• **DATA SHOWN**

+--

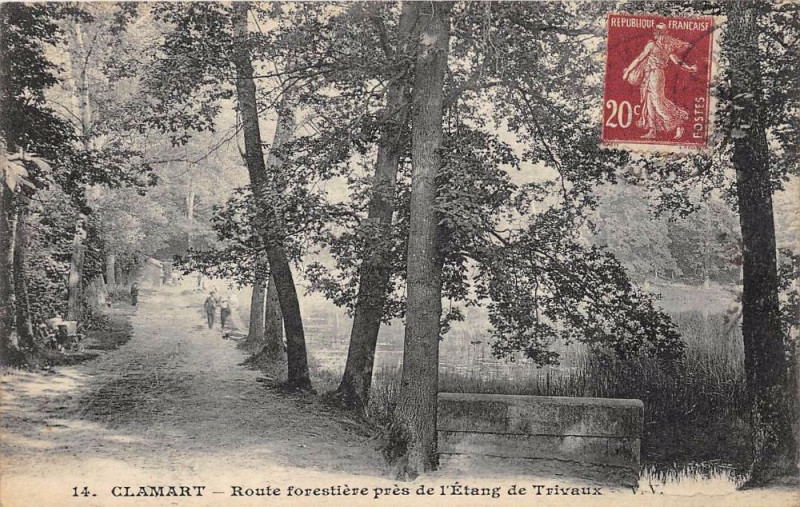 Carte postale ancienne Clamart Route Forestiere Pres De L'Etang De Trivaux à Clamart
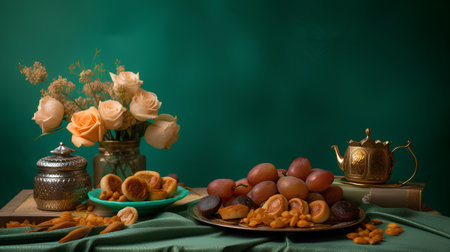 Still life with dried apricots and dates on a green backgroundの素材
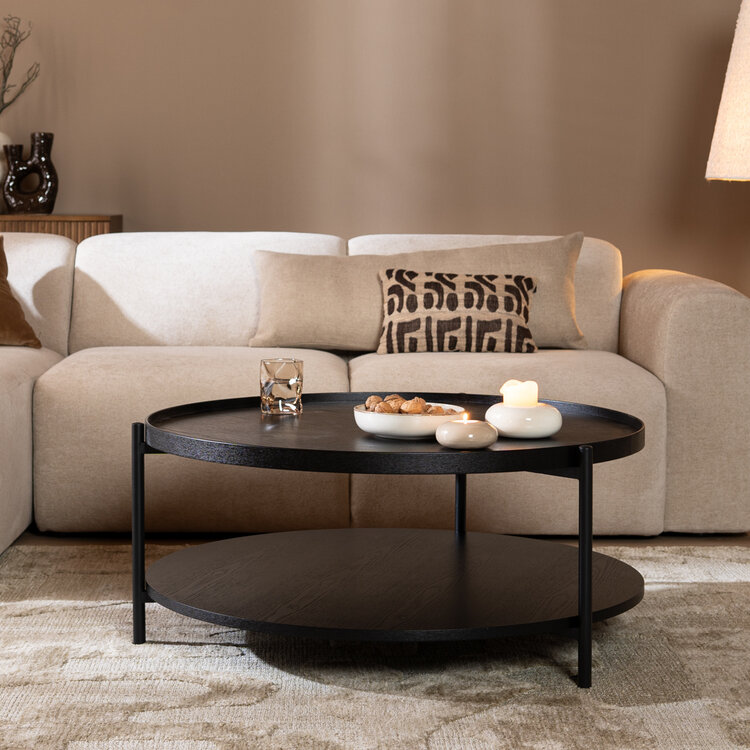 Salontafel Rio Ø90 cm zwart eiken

+--

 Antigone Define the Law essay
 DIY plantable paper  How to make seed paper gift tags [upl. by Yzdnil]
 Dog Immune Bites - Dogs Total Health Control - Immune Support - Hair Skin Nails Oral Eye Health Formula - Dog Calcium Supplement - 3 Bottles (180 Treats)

+--

• **EXERCISE OBJECTIVE**
Above are the records; restate exactly the lines from the one containing "Carte postale ancienne" through the one containing "Salontafel Rio Ø90 cm zwart eiken", keeping pictures out.

• **SOLUTION TO THE PROBLEM**
 Carte postale ancienne Clamart Route Forestiere Pres De L'Etang De Trivaux à Clamart
 Still life with dried apricots and dates on a green backgroundの素材
 Salontafel Rio Ø90 cm zwart eiken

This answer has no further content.